Teachers in England are too busy working to do any learning themselves, the influential education chief of the Organisation for Economic Cooperation and Development has said.
Andreas Schleicher, head of education and skills at the OECD, told Tes that one of the main barriers for teachers in England wanting to take part in professional development was their work schedule.
“There is clearly an issue about workload in England,” Mr Schleicher said.
“Teachers don’t teach more than teachers in other countries but they do a lot more things beyond teaching, part of that keeps them too busy to learn, and access to high-quality professional development is often an issue.”
Mr Schleicher spoke to Tes after the launch of the OECD’s Teaching and Learning International Survey (Talis) in London today.
Talis research: teacher workload
The report, which is based on survey responses from 250,000 teachers in 48 countries about their work, shows that secondary teachers in England had the fourth longest working week in the world at 46.9 hours - which was the highest in Europe.
But it also reveals that teachers in England were not teaching much more than average - it is the out-of-classroom tasks that are creating the workload.
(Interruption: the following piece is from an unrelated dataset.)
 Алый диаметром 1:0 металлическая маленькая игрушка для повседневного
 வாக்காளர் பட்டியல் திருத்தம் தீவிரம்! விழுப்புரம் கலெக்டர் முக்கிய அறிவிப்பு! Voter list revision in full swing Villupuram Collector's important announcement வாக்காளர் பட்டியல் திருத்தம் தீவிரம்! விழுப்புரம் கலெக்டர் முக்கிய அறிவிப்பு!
Teachers in England said they spent around 20.1 hours a week teaching - almost identical to the OECD average of 20.6 hours.
Mr Schleicher added: “Teachers in high-performing countries also spend time out of the classroom but they typically spend it collectively: to do lesson study, to share good experiences, to engage in professional learning communities, to do collaborative work on things that teachers in England do in isolation for themselves which may then contribute to a very high degree of workload.”
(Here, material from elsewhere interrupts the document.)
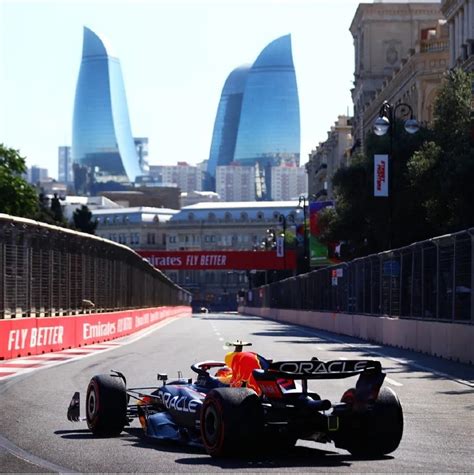 Circuito De Alta Velocidade E Retas Longas Coloca Red Bull Como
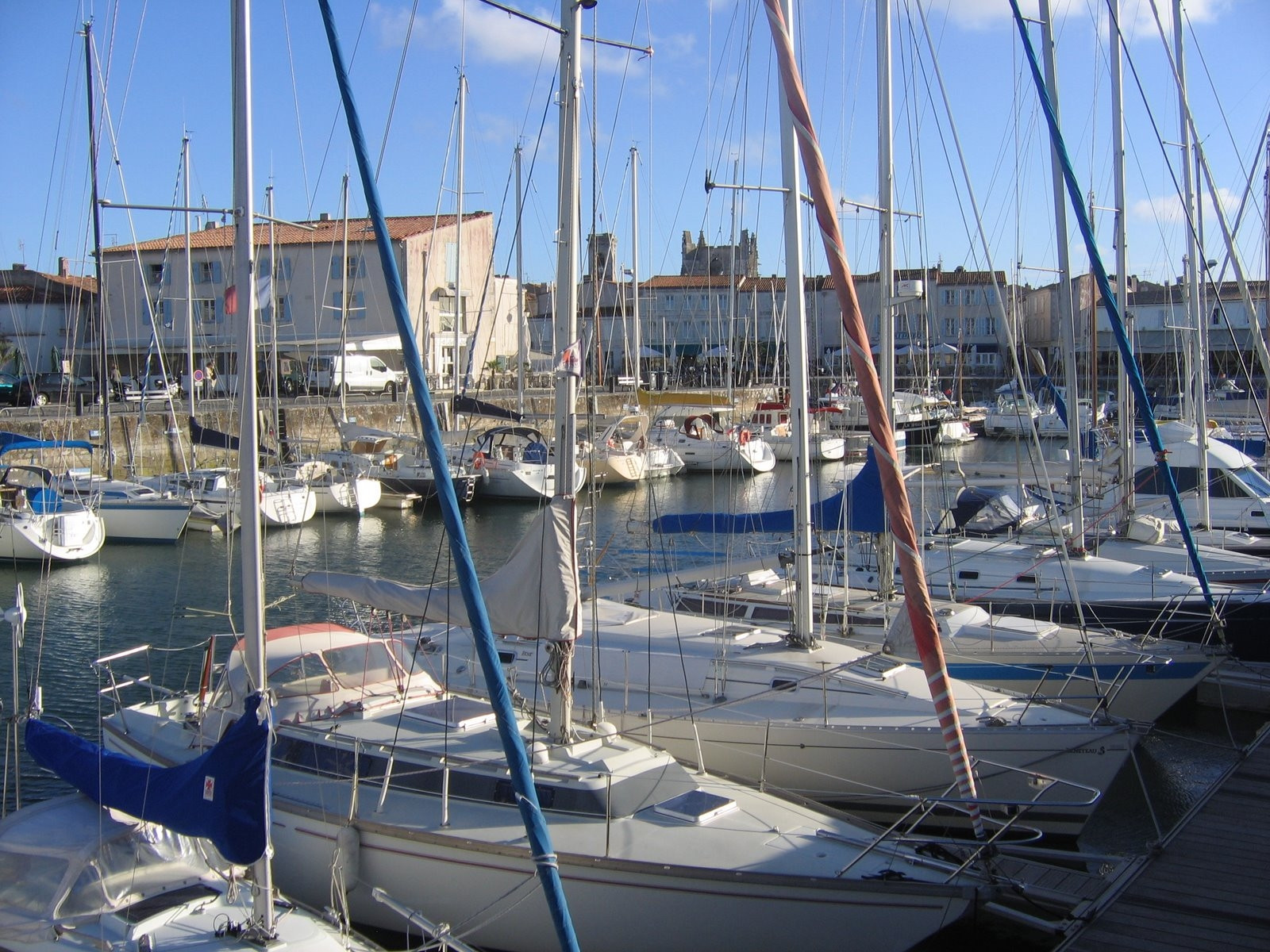 Яхты и катера на острове Ре, Франция. Фото 3 – фотографии Франции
In England, 64.5 per cent of teachers said one of the barriers to taking part in training was a conflict with their work schedule, according to Talis data.
Mr Schleicher also said that another important issue for England highlighted in the report was that novice teachers were more likely to work in more challenging schools than less challenging schools.
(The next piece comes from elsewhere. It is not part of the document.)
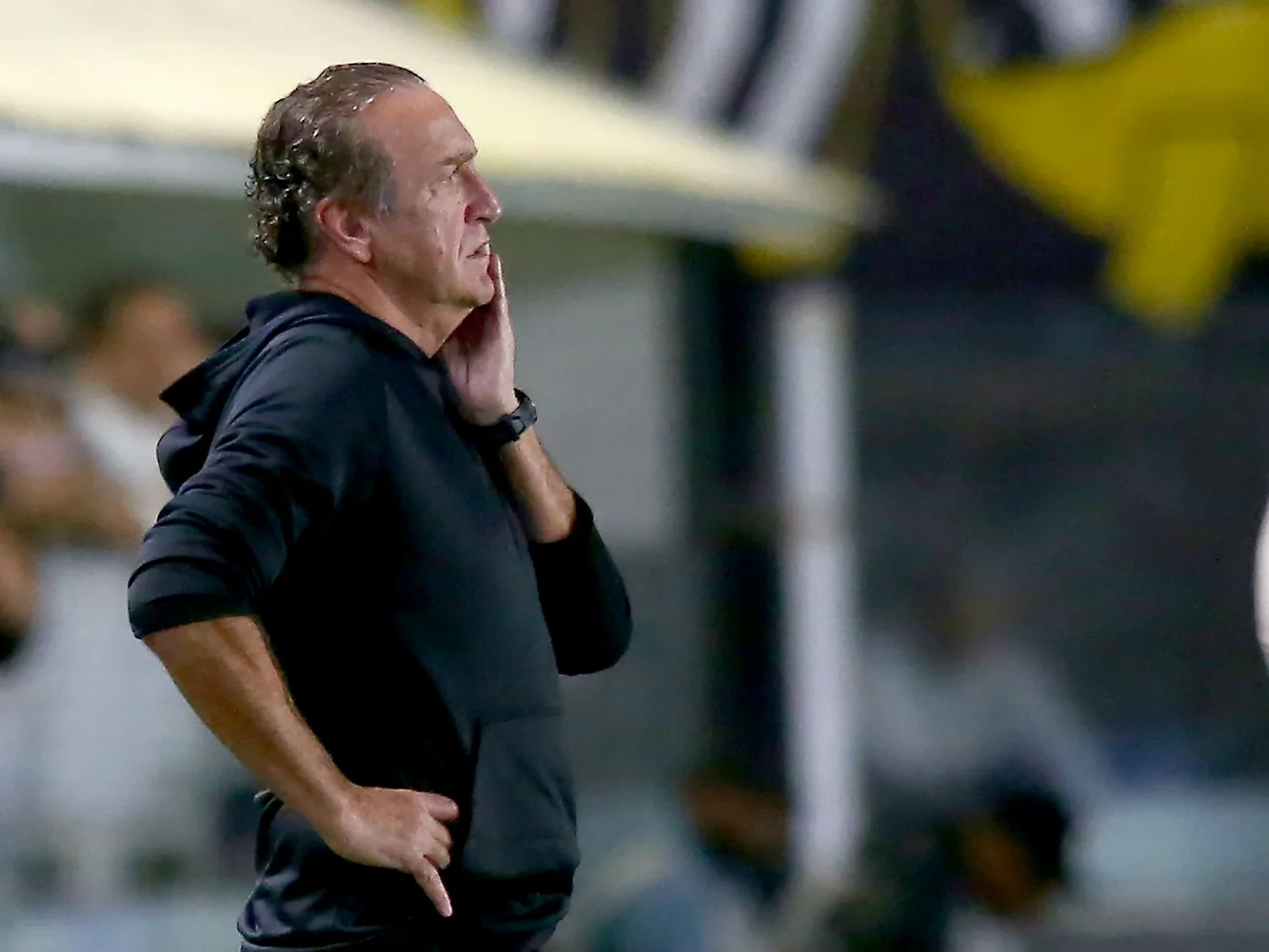 Santos busca empate no Equador e Cuca promete poupar titulares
“We should not accept the fact that teachers work longer hours per week than almost all other countries involved in Talis, not on teaching, but on planning, marking and admin, including data,” he has written.
And he points out action the government has taken including the publication of the workload-reduction toolkit, working with Ofsted to ensure staff workload is considered as part of a school’s inspection judgement and launching the early career framework to give more support to teachers at the start of their careers.